Location: internal/difc/capabilities.go and internal/difc/labels.go

Both types implement nearly identical set management operations:

  • Add(tag Tag) - 89.7% similar
  • AddAll(tags []Tag) - 92.4% similar
  • Contains(tag Tag) bool - 91.4% similar
  • Count() int - 82.2% similar

Code Example (Add method):

// capabilities.go
func (c *Capabilities) Add(tag Tag) {
    c.mu.Lock()
    defer c.mu.Unlock()
    c.tags[tag] = struct{}{}
}

// labels.go
func (l *Label) Add(tag Tag) {
    l.mu.Lock()
    defer c.mu.Unlock()
    l.tags[tag] = struct{}{}
}

Analysis: Both types wrap map[Tag]struct{} with mutex protection and implement identical operations.
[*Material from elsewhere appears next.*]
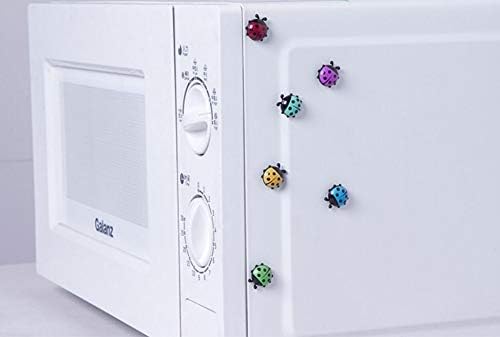 Ladybug Refrigerator Magnets Kitchen Magnets Office Magnets for Whiteboard, Dry Erase Board, Cute and Colorful Insect Design (12pcs per Set)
This is a classic case for Go generics or shared implementation.

Recommendation:

  • Option A: Create generic TagSet[T any] type (Go 1.18+)
  • Option B: Extract shared implementation to embedded type
  • Option C: Keep as-is (acceptable duplication for type-specific semantics)
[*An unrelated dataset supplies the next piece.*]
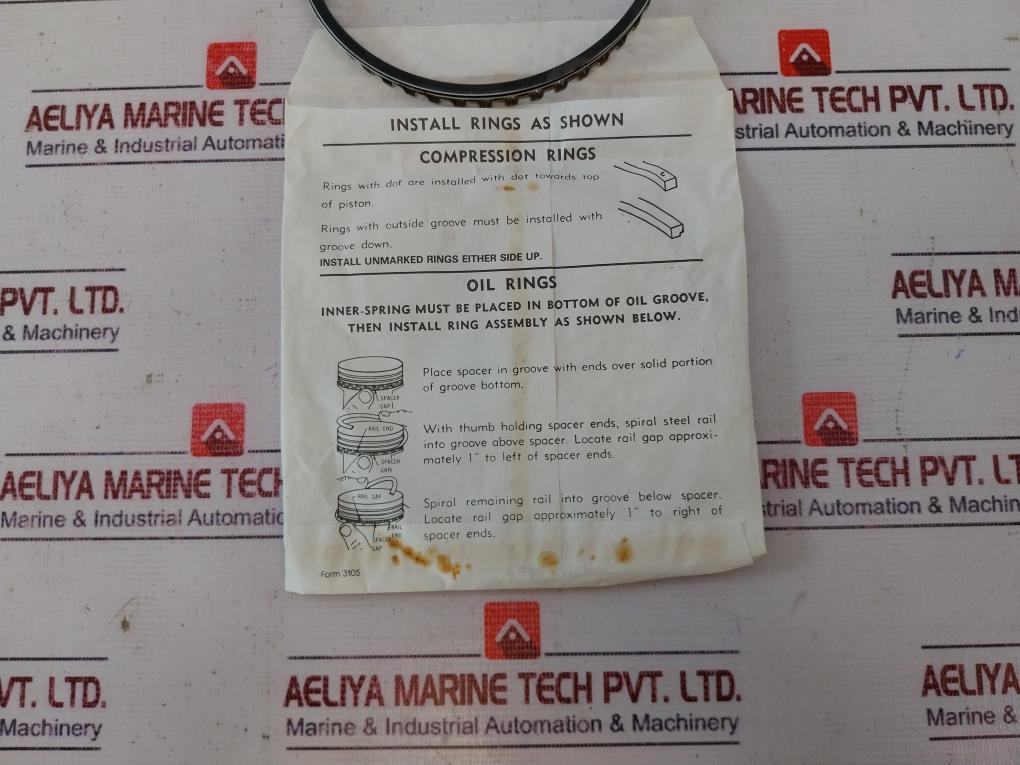 Ingersoll Rand 32194144 Ring Set For 1st Stage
Assessment: This duplication may be intentional for type safety and semantic clarity. Capabilities represents global tags while Label represents agent-specific tags. The minor duplication (4 methods) may be preferable to abstraction complexity.

Recommendation: Keep as-is - The duplication is minimal and provides clear type-specific semantics. ✅


🟡 Logger Close Methods (83-88% similar)

Implementations:

  1. internal/logger/file_logger.go:Close()
  2. internal/logger/jsonl_logger.go:Close()
  3. internal/logger/markdown_logger.go:Close()

Pattern:

func (fl *FileLogger) Close() error {
    fl.mu.Lock()
    defer fl.mu.Unlock()
    return closeLogFile(fl.logFile, &fl.mu, "file")
}

func (jl *JSONLLogger) Close() error {
    jl.mu.Lock()
    defer jl.mu.Unlock()
    return closeLogFile(jl.logFile, &jl.mu, "JSONL")
}

Analysis: All three loggers delegate to shared closeLogFile helper. This is good design - the duplication is minimal (3 lines per method) and each type correctly implements its cleanup.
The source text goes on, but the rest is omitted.